=== Working data ===

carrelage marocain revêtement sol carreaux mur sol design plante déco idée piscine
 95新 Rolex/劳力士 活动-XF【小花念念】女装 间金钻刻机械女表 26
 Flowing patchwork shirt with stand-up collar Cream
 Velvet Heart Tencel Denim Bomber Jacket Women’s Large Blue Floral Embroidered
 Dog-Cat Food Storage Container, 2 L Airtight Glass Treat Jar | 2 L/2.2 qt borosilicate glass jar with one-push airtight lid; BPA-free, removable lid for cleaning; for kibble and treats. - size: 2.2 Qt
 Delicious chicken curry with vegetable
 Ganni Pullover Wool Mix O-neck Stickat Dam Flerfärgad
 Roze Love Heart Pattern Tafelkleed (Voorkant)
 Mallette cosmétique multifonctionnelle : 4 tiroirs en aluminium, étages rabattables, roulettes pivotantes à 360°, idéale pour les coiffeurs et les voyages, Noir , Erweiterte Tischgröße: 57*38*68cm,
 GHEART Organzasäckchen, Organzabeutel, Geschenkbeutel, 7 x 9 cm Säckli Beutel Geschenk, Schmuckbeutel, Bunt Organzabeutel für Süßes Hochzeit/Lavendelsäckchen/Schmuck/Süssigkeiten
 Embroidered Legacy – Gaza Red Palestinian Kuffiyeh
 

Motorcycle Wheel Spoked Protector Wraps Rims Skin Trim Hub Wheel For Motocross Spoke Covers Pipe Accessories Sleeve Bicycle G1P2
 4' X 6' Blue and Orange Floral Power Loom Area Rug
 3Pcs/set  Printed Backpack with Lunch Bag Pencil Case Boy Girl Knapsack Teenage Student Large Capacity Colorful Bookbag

===

Reproduce, word for word and in full, only the lines above that start at the line with "Roze Love Heart" and run through the line with "Mallette cosmétique multifonctionnelle", both ends included.

 Roze Love Heart Pattern Tafelkleed (Voorkant)
 Mallette cosmétique multifonctionnelle : 4 tiroirs en aluminium, étages rabattables, roulettes pivotantes à 360°, idéale pour les coiffeurs et les voyages, Noir , Erweiterte Tischgröße: 57*38*68cm,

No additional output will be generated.